22. April 2004
Die großtechnische Produktion von Kartoffelchips weist gegenwärtig eine Schwankung der Acrylamidgehalte sowohl im Tages- als auch im Jahresablauf auf. Das wird einerseits durch gravierende Unterschiede in der Zusammensetzung des Rohstoffs verursacht, andererseits durch Ungleichmäßigkeiten in der Prozessführung.
Daher
werden sowohl rohstoffspezifische als auch technologische Optimierungsstrategien
zur nachhaltigen Reduzierung des Bildungspotentials von Acrylamid bei der
Herstellung von Kartoffelchips diskutiert. Die entsprechenden technologischen
Versuche wurden im Labormaßstab sowie im semi-technischen Maßstab durchgeführt.
Zunächst
wurde der Rohstoff untersucht. Je nach Sorte, Pflanzenbehandlung,
Wasserversorgung, Standort und Witterung weisen Kartoffeln eine variierende
Ausgangsqualität für den Verarbeitungsprozess auf.
Zur Ermittlung des Sorteneinflusses wurde ein zweiortiger Anbauversuch mit insgesamt neun Sorten durchgeführt. Die Sorten wurden im Standartverfahren zu Kartoffelchips verarbeitet, ohne Anpassung an die an Besonderheiten der Partien. Das führte zu signifikanten Unterschieden in den Produktqualitäten wie Restfeuchte- und Fettgehalt sowie Farbausprägung und Knusprigkeit. Der variierende Asparagingehalt in den Sorten führte zu unterschiedlichen Acrylamidwerten in den Chips. Zwischen den Anbauorten wurde ein sichtbarer Unterschied im Asparagingehalt der Sorten und resultierend auch im Acrylamidgehalt der Endprodukte festgestellt.

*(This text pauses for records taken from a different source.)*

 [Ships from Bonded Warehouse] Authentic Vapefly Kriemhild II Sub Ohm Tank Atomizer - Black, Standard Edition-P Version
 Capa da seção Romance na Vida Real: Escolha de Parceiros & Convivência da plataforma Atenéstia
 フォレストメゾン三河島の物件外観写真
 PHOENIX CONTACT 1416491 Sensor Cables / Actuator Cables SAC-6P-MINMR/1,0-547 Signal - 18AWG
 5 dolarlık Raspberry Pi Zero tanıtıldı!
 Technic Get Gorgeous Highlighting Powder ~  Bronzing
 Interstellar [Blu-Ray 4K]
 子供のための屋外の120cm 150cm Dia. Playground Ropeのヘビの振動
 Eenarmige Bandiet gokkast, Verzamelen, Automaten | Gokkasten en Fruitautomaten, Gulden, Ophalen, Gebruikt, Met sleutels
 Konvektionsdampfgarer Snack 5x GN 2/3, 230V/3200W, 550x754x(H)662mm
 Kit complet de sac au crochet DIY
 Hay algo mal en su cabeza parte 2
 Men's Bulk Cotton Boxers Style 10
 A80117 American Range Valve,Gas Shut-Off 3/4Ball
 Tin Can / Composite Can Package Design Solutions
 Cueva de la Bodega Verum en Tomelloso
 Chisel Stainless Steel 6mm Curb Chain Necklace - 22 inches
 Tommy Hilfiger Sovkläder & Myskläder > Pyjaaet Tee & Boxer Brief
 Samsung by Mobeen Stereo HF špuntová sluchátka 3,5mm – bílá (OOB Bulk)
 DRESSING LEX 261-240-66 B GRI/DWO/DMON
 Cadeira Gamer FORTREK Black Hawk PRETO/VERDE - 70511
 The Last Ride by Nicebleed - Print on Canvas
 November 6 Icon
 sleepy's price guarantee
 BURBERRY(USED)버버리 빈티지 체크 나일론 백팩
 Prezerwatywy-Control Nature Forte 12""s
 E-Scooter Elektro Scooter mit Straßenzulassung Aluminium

Darüber hinaus wurde aufgezeigt, dass ein verminderter Gehalt an reduzierenden Zuckern im Rohstoff zu einer Minimierung des Acrylamidgehaltes im Endprodukt führt. Die Absenkung des Zuckergehaltes ist auch technologisch durch Auslaugen (Wasserbad; Blanchieren) möglich.
Bei den Untersuchungen zur Prozessführung der Kartoffelchipproduktion wurde ab einer Frittiertemperatur von 170 °C eine starke Erhöhung des Acrylamidgehaltes festgestellt. Das ist auch auf eine Erhöhung des Acrylamid - Bildungspotentials durch Spaltung der Saccharose in die reduzierenden Zucker, Glucose und Fructose, zurückzuführen. Der Spaltungsprozess beginnt bei einer Temperatur von 160° C. Die Reduzierung der Temperatur führt zur Absenkung des Acrylamidgehaltes, gleichzeitig jedoch zu erhöhten Fettwerten.
Im
weiteren wurde die absolute Wärmebelastung, resultierend aus Temperatur und
Verweilzeit, unter der Prämisse einer vergleichbaren Restfeuchte untersucht.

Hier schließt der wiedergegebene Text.